■ **Work to be completed**
Copy the entries below word for word, but omit any pictures they contain.

[The data — start]

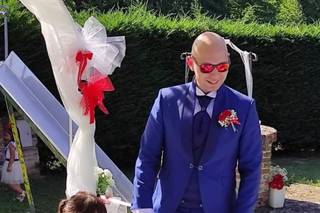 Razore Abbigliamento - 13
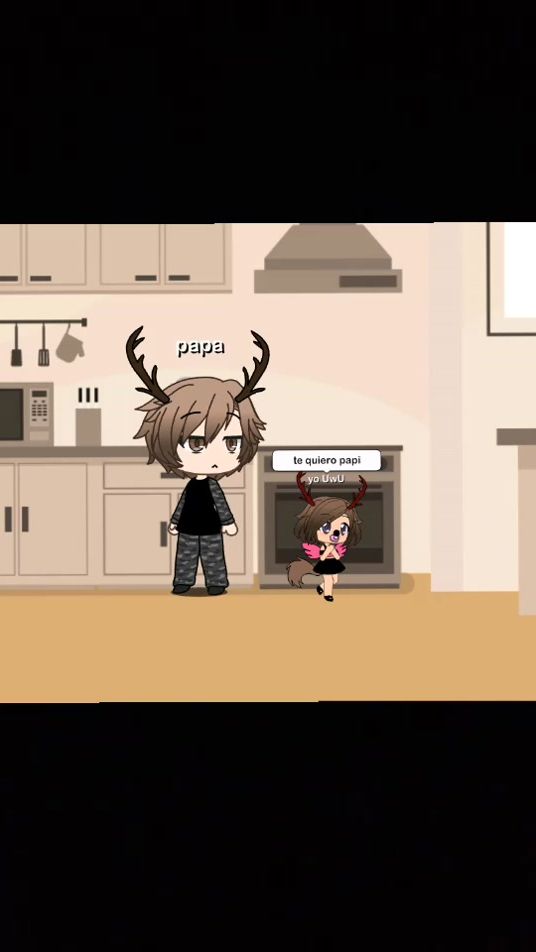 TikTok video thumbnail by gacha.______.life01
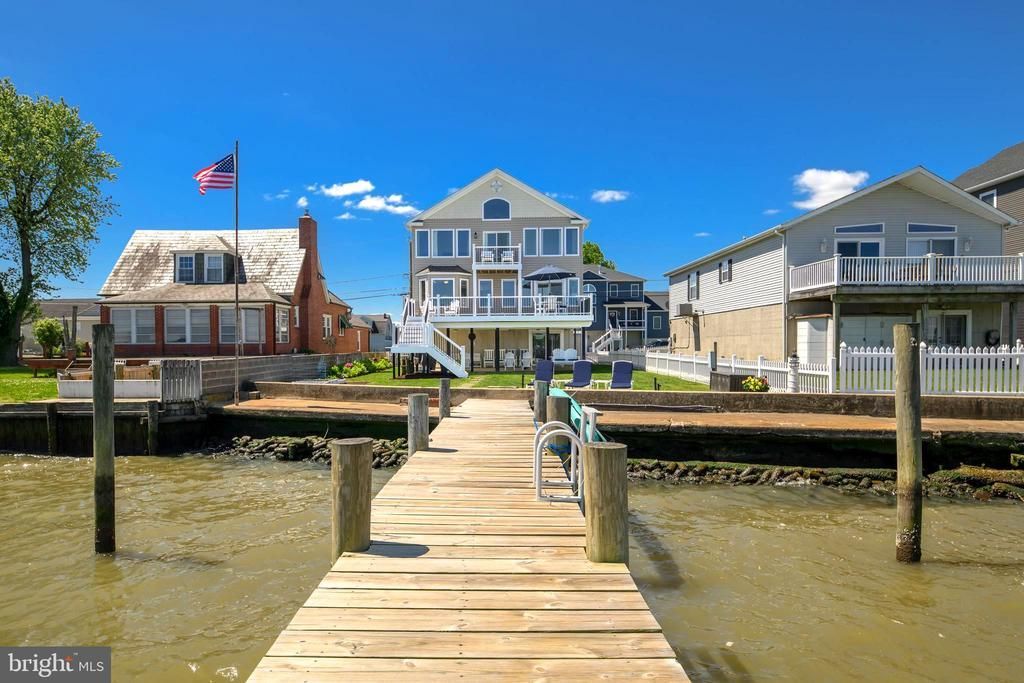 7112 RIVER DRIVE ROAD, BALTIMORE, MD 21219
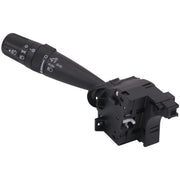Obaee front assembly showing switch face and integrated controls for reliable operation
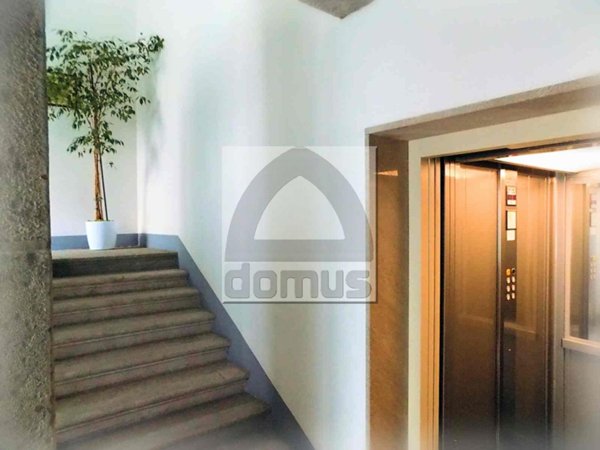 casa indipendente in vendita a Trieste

[The data — finish]

■ **Completed exercise**
 Razore Abbigliamento - 13
 TikTok video thumbnail by gacha.______.life01
 7112 RIVER DRIVE ROAD, BALTIMORE, MD 21219
Obaee front assembly showing switch face and integrated controls for reliable operation
 casa indipendente in vendita a Trieste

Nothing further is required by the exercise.